Мужчина прищурился. Он был умён и не любил задавать лишних вопросов, но с годами научился улавливать детали.


– Так, – сказал он, проходя в глубь мастерской. – Вижу, гостья из Польши.

Все присутствующие почувствовали, как воздух стал плотнее. Сара застыла. Анна напряглась, чувствуя, как её сердце забилось быстрее. Нотан молчал, стараясь не выдать тревоги.

– Это Анна, – наконец, слабо сказала Сара. – Стержицкая. Беженка.

Инспектор посмотрел на Анну и кивнул, как будто ожидая чего-то. Присмотрелся, но лицо его не выдавало эмоций.
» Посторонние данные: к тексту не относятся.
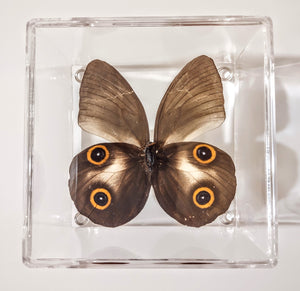 Framed Butterflies-Mounted Butterflies-Preserved Butterflies
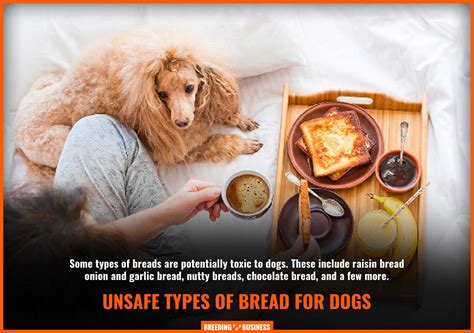 Is White Bread Bad For My Dog at Brenda Edmonds blog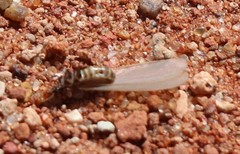 Termitinae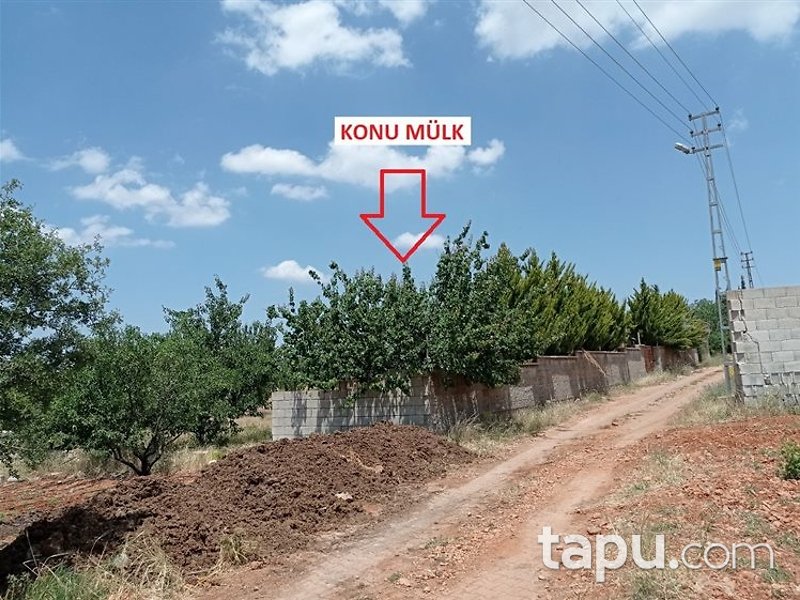 Gaziantep Şehitkamil Öğümsöğüt Mahallesi'nde 9 Dönüm Bağ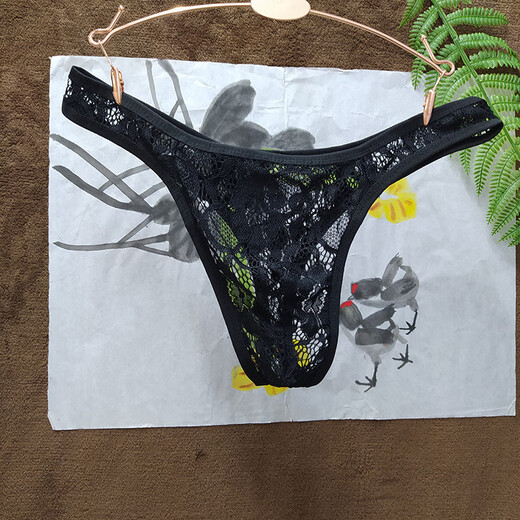 Adult men's sexy underwear, perverted lace transparent thong, thin sexy and interesting temptation T-pants, men's breathable large size couple's intercourse stimulation, no need to take off adult products SM white 4XL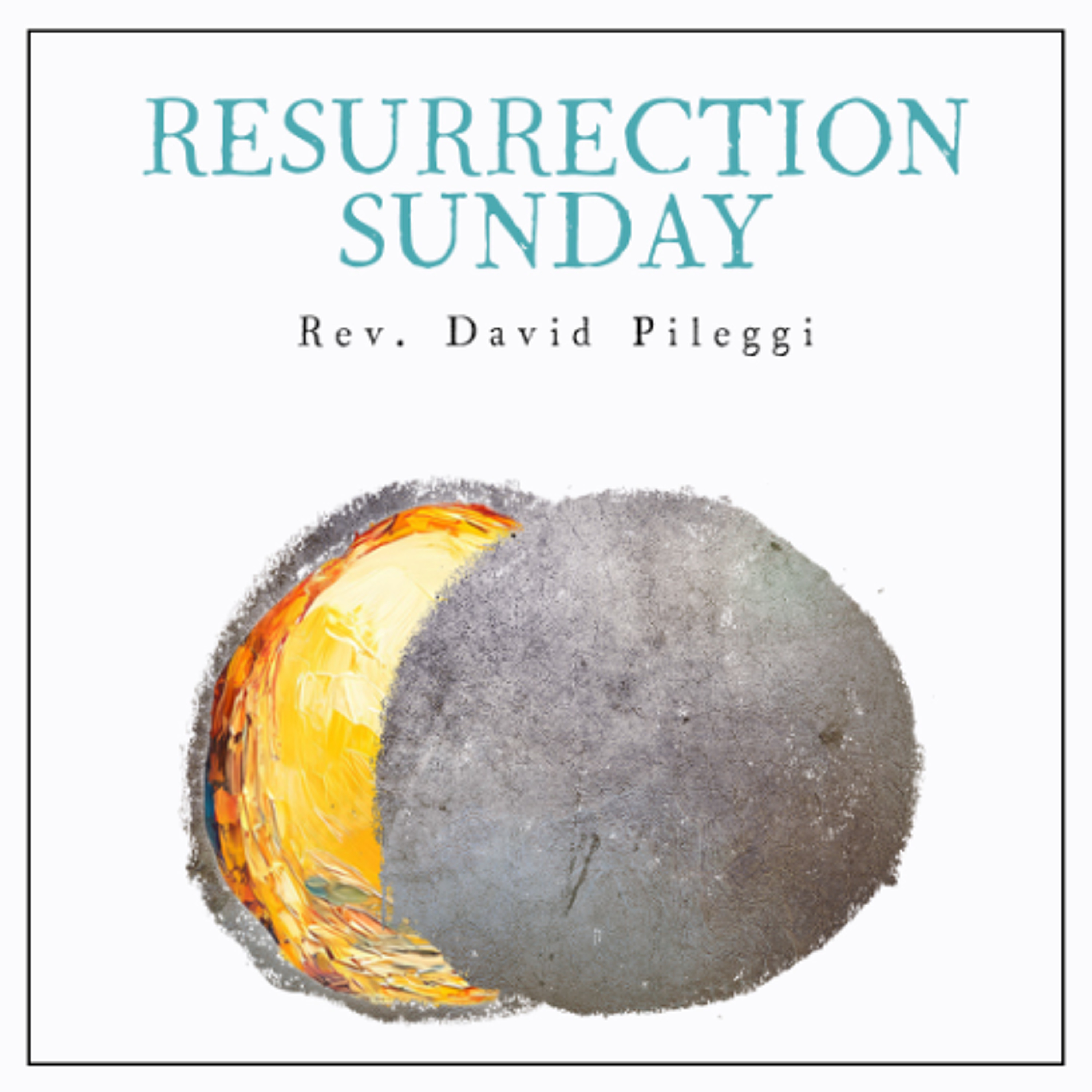 For the Sake of the World | Rev. David Pileggi episode artwork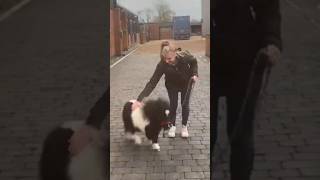 This Horse Is So Small It Looks Fake 😳🐴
– Беженка? Хмм. Ну, и что же ты здесь делаешь, милая? Молдаванка – это не приют для беженцев. Это центр труда и дела!

Анна взглянула на Нотана. Её глаза чуть помутнели, но она сдержала дрожь в голосе.


– Я… работаю здесь, помогаю.

Инспектор пару секунд молчал. Взгляд его оставался твёрдым, но он не казался агрессивным. Он привык к таким встречам – по всему городу, в последние годы, такие проверки стали обыденностью. Он знал, что большинство евреев теперь прячутся под чужими именами и занимаются ремеслом, дабы скрыться от внимания властей.

– Ты, значит, в трудовой книге записана, да? Работаешь официально?

Анна замешкалась, но Сара тут же подала ему книжку, которую держала на полке.


– Да, конечно, – сказала она уверенно. – Анна Стержицкая. Вот. У неё запись.

Инспектор взял трудовую книжку и пролистал страницы, останавливаясь на последней записи. Он прокашлялся, осматривая документы.

– Понял. Ладно, держитесь тут. Зайду через месяцок. А, может, и раньше.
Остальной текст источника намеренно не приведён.